When that cask was filled, there were perhaps five English whisky distilleries operating. Today, more than 70 claim to be laying down spirit. The context has shifted dramatically.

“Ten Times Around the Sun marks a defining moment for The London Distillery Company,” says Matt McKay, managing director and whisky maker. “It honours one of our earliest casks, capturing the original spirit that began our journey. This release is a tangible piece of London’s whisky history, surviving the distillery’s closure in 2020 and now emerging as a symbol of our return. This is a whisky born of our past, shaped by our revival, and confidently demonstrating our bold, bright future.”

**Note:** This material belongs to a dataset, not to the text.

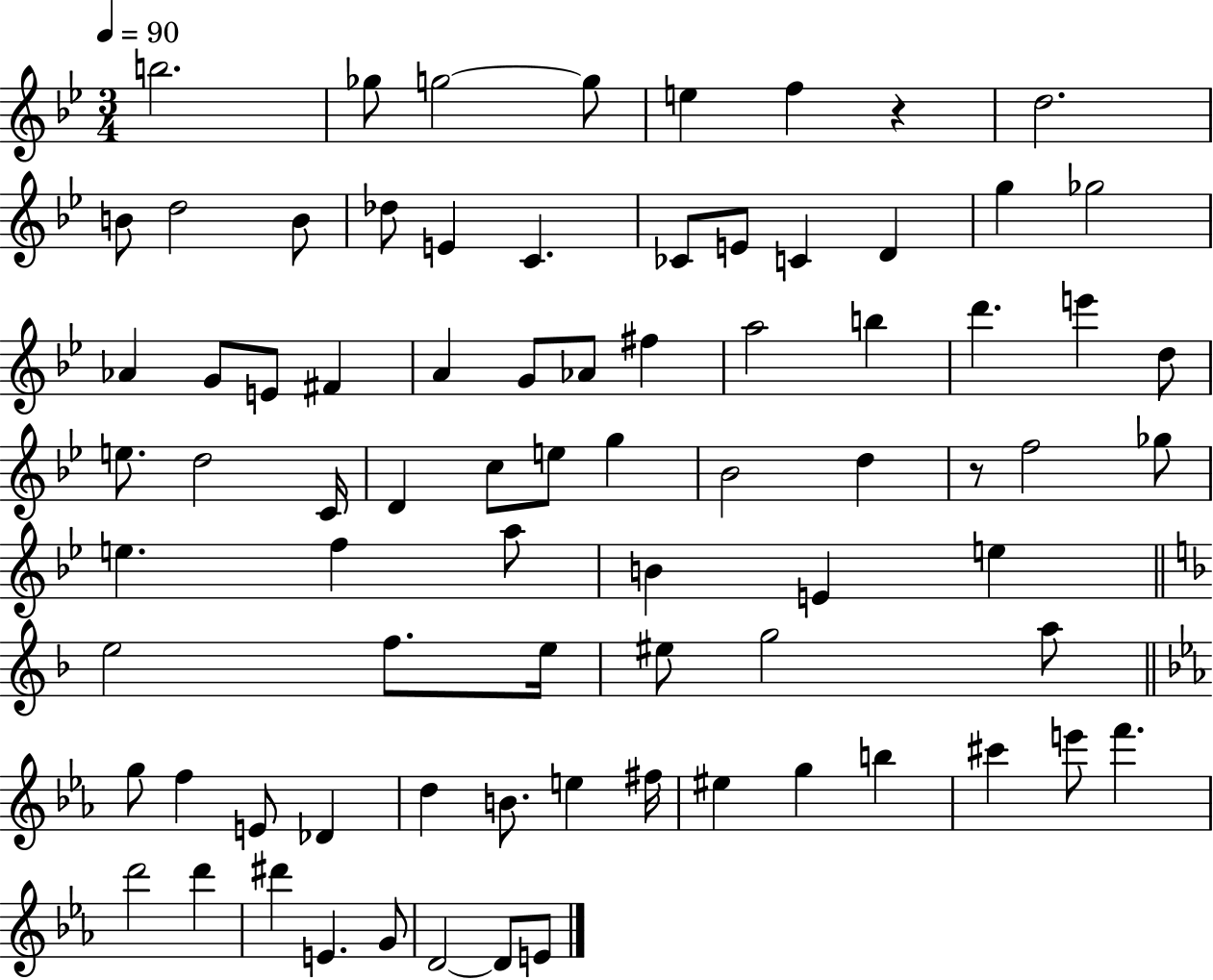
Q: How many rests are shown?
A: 2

The whisky was distilled using Quench spring barley and matured entirely in a single ex-bourbon barrel. Bottled non chill filtered and natural in colour, it carries the imprint of both grain and wood without cosmetic interference.

On the nose, McKay describes “extreme concentrated tinned fruits, stone fruits, tropical fruits”. Official tasting notes reference bright peaches and sliced mango layered with soft nougat, earthy dunnage floors and dusty oak spice. The palate is bold and fruit forward, with syrupy preserved fruits alongside milk chocolate and creamy cereal character, lifted by cask pepperiness. It is thick and textural, says McKay. “You know you’re drinking it,” he adds, pointing to darker chocolate and wooden notes on the back palate and a finish that lingers on ripe fruit before tightening into Szechuan pepper spice.

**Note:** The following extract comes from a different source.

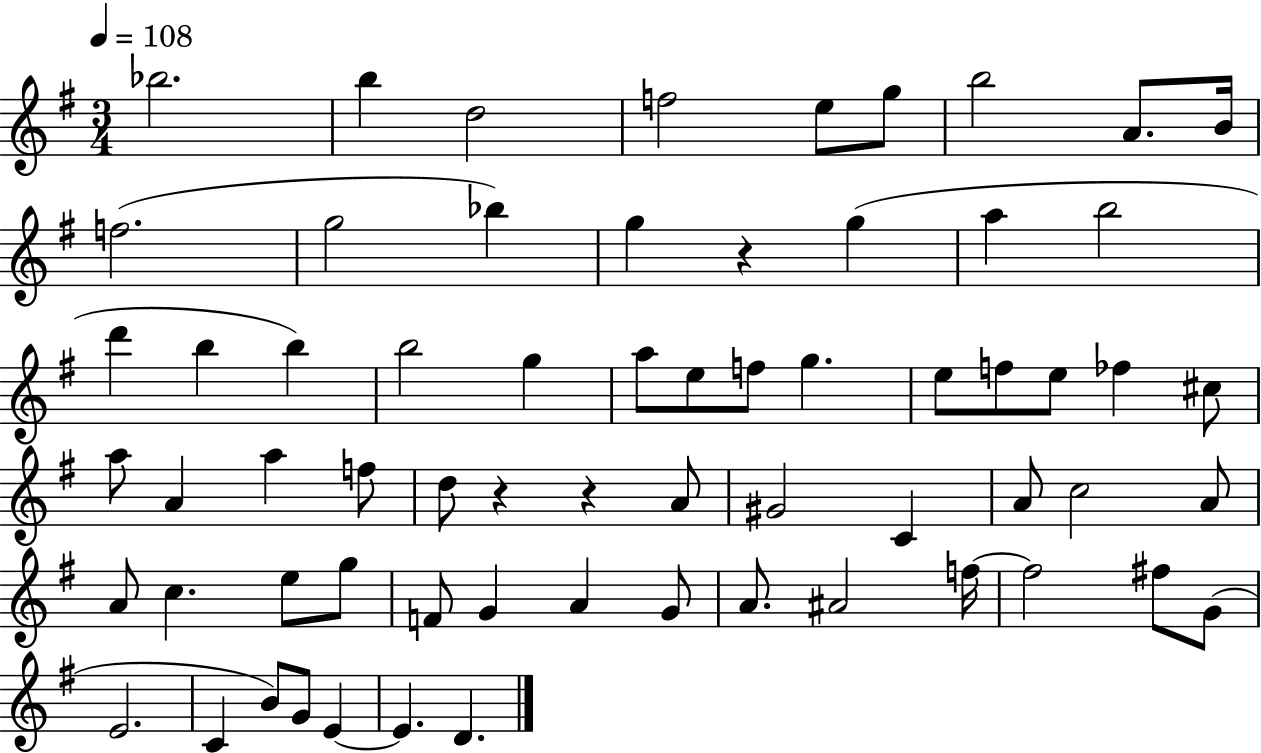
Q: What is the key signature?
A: G major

For all the celebration, there is arithmetic at work. Around 70 casks remained when Gleann Mòr acquired the stock. That number is now closer to 60. Each release must build awareness without draining reserves before a new distillery is operational. Roughly half of each outturn is sold direct through the website, the other half allocated between on and off trade. London Distillery sits within a niche inside a niche, and credibility depends on being present where serious whisky drinkers shop.

The long-term ambition is to resume production in London. Sites are being explored this year, though planning, capital and construction mean distilling again in the capital will take time. When it does happen, the intention is to return to the grain philosophy that defined the 2011 opening. The original London style was heritage grain led, with varieties such as Maris Otter and Plumage Archer used to create a spicy, characterful malt profile. McKay is clear that grain remains central. The spirit will taste of barley if handled correctly. Heavy finishing in intensely sweet casks can obscure that character, he says, and part of the whisky maker’s role is knowing when to step back.

McKay’s own path into the role was not linear. His background was in engineering and biomedical science communication before whisky took over. He founded The Dramble, an online whisky platform, then moved into communications for Bimber’s early releases, later taking on production responsibilities. He subsequently left Bimber.

The brief from Gleann Mòr was straightforward: steward what remains, reintroduce the brand carefully and build towards a future in which London once again has a working whisky distillery.

Matt McKay Managing Director, and Claire Filer, Brand Advocacy Manager, of the London Distillery Company

Ten Times Around the Sun anchors London within a maturing English whisky movement. The existence of a 10-year-old London single malt adds depth to a category that, not long ago, was defined by youth. There is something fitting about London reasserting itself in this way. The city trades on reinvention. Distilling in the capital is expensive, exposed to property cycles and planning constraints, and vulnerable to the commercial pressures that ended the second incarnation in 2020. Yet the idea persists. From Dodd’s 1807 scheme to the 2011 revival and now this third chapter under Gleann Mòr’s ownership, the story has been less a straight line than a series of attempts to prove that London can sustain serious whisky making.

A single cask of 220 bottles will not transform a category. But a decade of patient maturation, followed by a measured and transparent release, signals intent. If the next London distillery does open its doors in the coming years, Ten Times Around the Sun will stand as a bridge between what was attempted in Battersea and Bermondsey and what might be built next.